- _Data for this task_
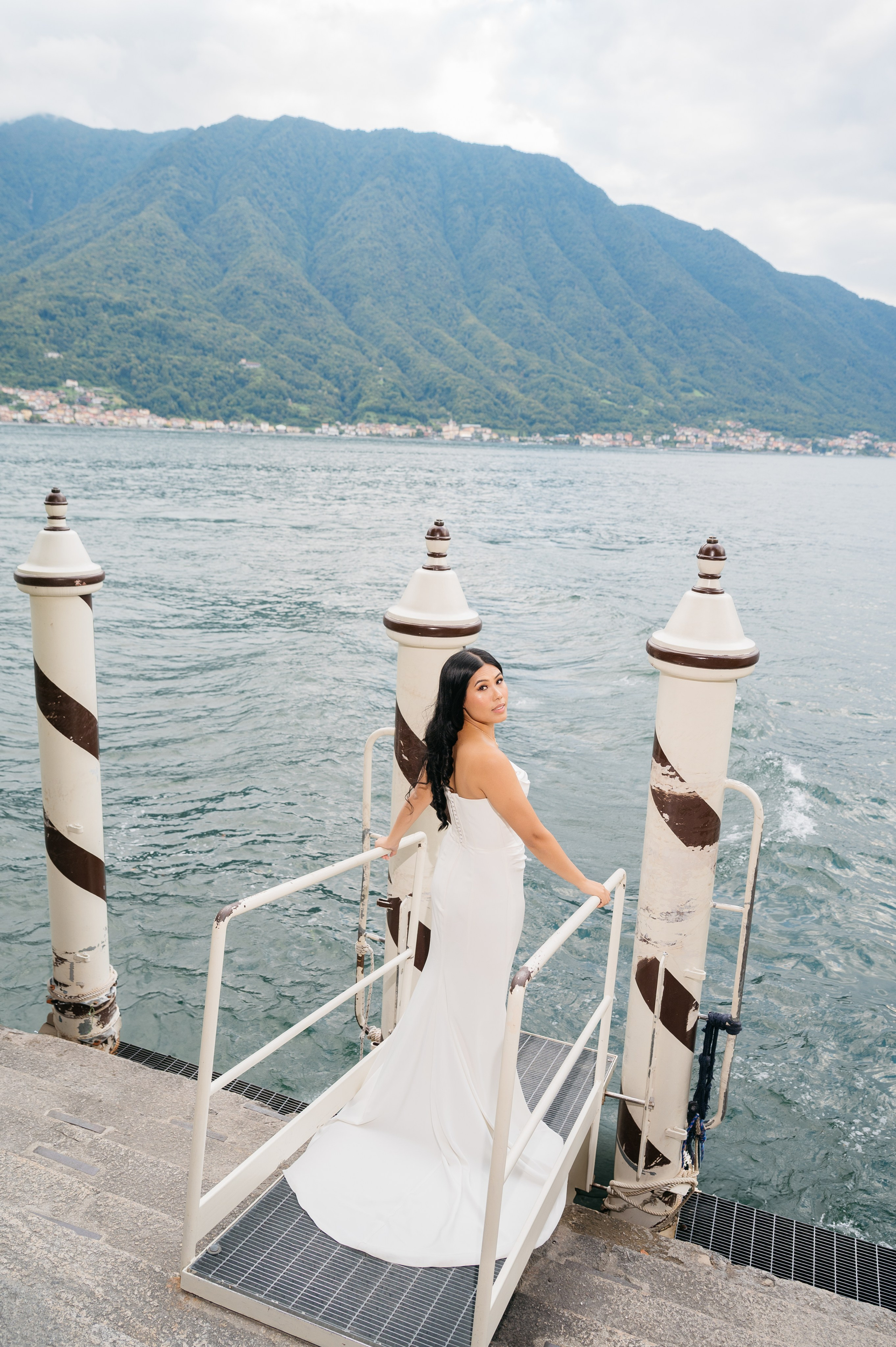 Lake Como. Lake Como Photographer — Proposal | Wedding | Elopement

---

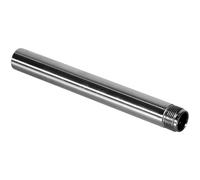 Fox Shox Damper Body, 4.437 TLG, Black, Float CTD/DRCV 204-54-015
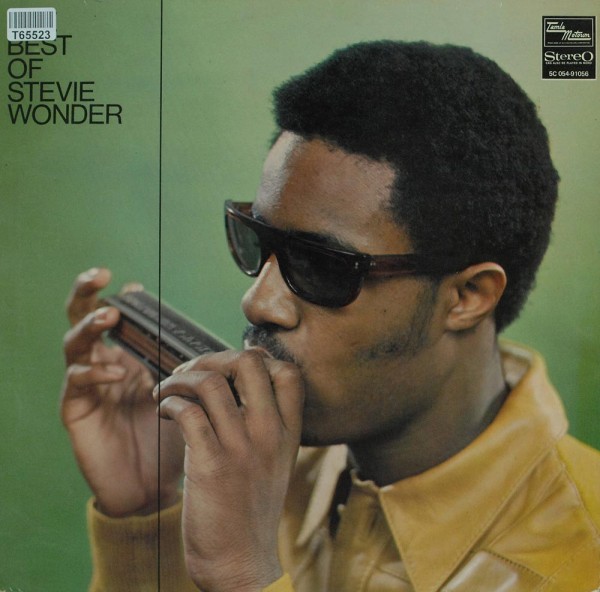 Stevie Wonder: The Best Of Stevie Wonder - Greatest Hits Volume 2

--

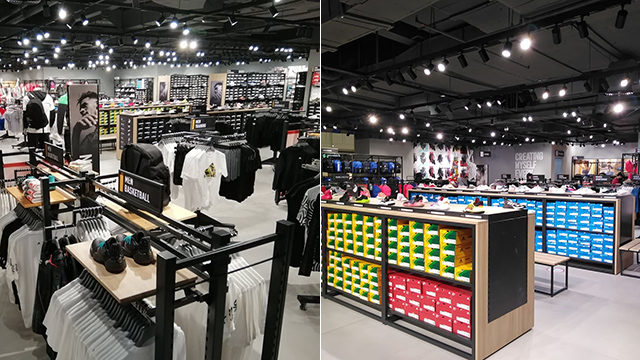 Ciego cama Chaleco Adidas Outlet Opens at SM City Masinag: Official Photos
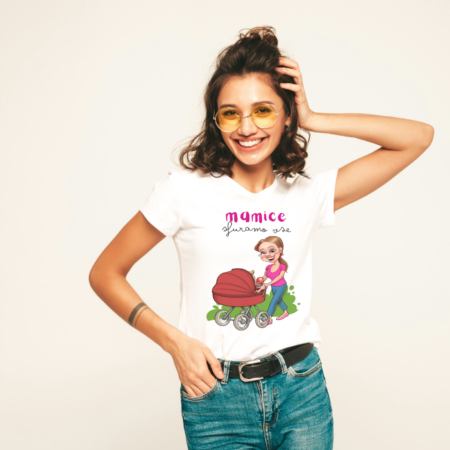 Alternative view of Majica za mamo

- _Problem requirements_
Return the stretch of data that begins with the line showing "Ciego cama Chaleco" and goes on through the line showing "Alternative view of Majica za mamo", exactly, with pictures removed.

- _Completed exercise_
 Ciego cama Chaleco Adidas Outlet Opens at SM City Masinag: Official Photos
 Alternative view of Majica za mamo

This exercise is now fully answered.